More gunshots rang out, pinging off the metal of the truck. The side mirror broke, sending bits of glass and plastic flying. She gasped in fear.
She didn’t have to worry about getting away from Jake right now. She had to worry about staying alive.
“Stay down!” he yelled at her over the sound of the wind rushing through the shattered windows.
Even if she hadn’t been paralyzed with fear, she wasn’t about to move, not at the risk of getting hit by one of the flying bullets.
“And hang on,” he added, as he jerked the wheel and careened around a corner.
Lillian’s shoulder bumped against the passenger’s door, and she grimaced. But she wasn’t worried about her shoulder. She was worried about her baby. She couldn’t risk anything happening to her unborn child—to their unborn child.
“You have to slow down!” she yelled back at him.

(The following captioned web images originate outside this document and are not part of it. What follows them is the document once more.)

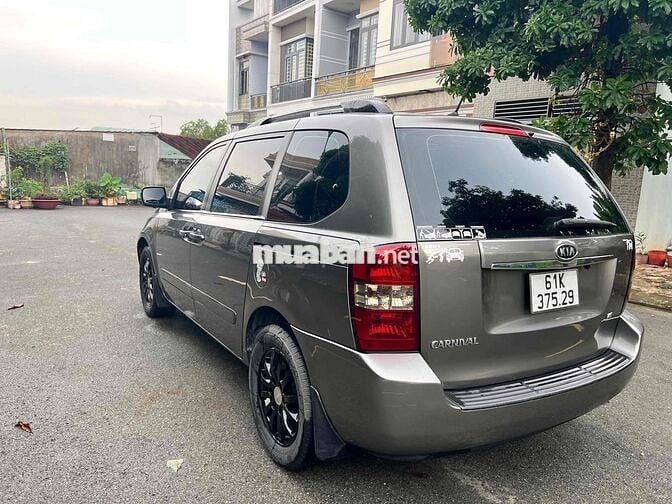 Kia Carnival 2011 -Nhập Hàn 8 Chỗ-Tự Động Đẳng Câp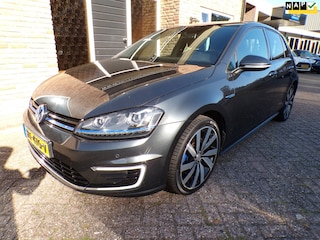 Volkswagen Golf 1.4 TSI GTE Automaat / Leder / Panoramadak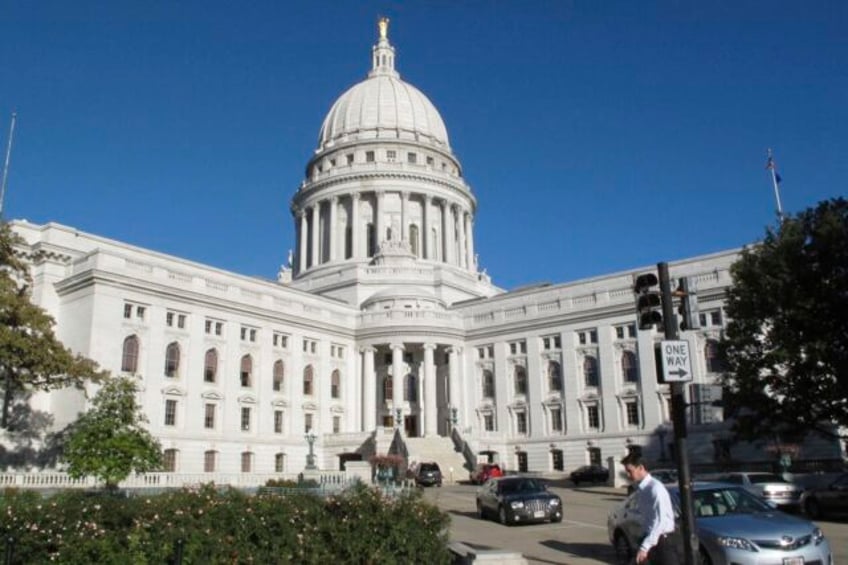 wisconsin lawsuit asks new liberal controlled supreme court to toss republican drawn maps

“If I slow down, they’ll catch us,” he countered.
But he must have slowed down enough that the van had caught up with them because something rammed against the back bumper, sending the pickup into a spin.

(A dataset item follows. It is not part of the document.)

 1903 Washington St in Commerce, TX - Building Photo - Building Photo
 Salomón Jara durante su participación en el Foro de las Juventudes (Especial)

Lillian grabbed tightly on to the seat and screamed. Earlier she’d been worried about losing her freedom. Now she was worried about losing her life.
* * *
What the hell had Donny Davies done? Guilt weighed heavily on his thin chest, making it difficult for him to breathe.
Lillian had trusted him...
But then the rest of the family had trusted her. And she’d betrayed them with that damn bounty hunter, Jake Howard. She had literally been sleeping with the enemy. She claimed she hadn’t known who he was. But she hadn’t stepped in and stopped the man from taking Dad and Dave into custody. From collecting his bounty.
Sure, she’d been crying, but it had been about the man lying to her. Not about her family getting arrested. Just like Gran, she’d always disapproved of the things some of the Davies family did.
She and Gran would certainly disapprove of what Donny had done. But Dad and Dave had declared that they owed her nothing now...
She was no longer one of them.
But since she hadn’t shown up for court that day, she was a fugitive now. So maybe for the first time in her twenty-five years, Lillian was one of them.
What would it cost her?
Her freedom?
Or her life?
The people after her were more dangerous than Donny had realized. And he had betrayed them, too. But unlike her, he had a place to hide where no one would find him.
Not even her.
He lay in the dark, unable to sleep, barely breathing, as he fingered the plastic device in his hand. What the hell should he do with it?
The right thing?
The thing his sister had asked him to do in the first place? Just like she’d asked him to stick with school and not resort to the life of crime the rest of their family lived. But Davieses rarely did the right thing.
Even Lillian.
She had made some big mistakes. Jake Howard was the biggest one, though. It was his fault that it had come to this, that her own family had turned against her.
So whatever happened to her was Jake’s fault.
Not his...
His knuckles ached, straining from his efforts, as Jake clutched the steering wheel, fighting to keep it from spinning out of his grasp as the old truck careened wildly across the road.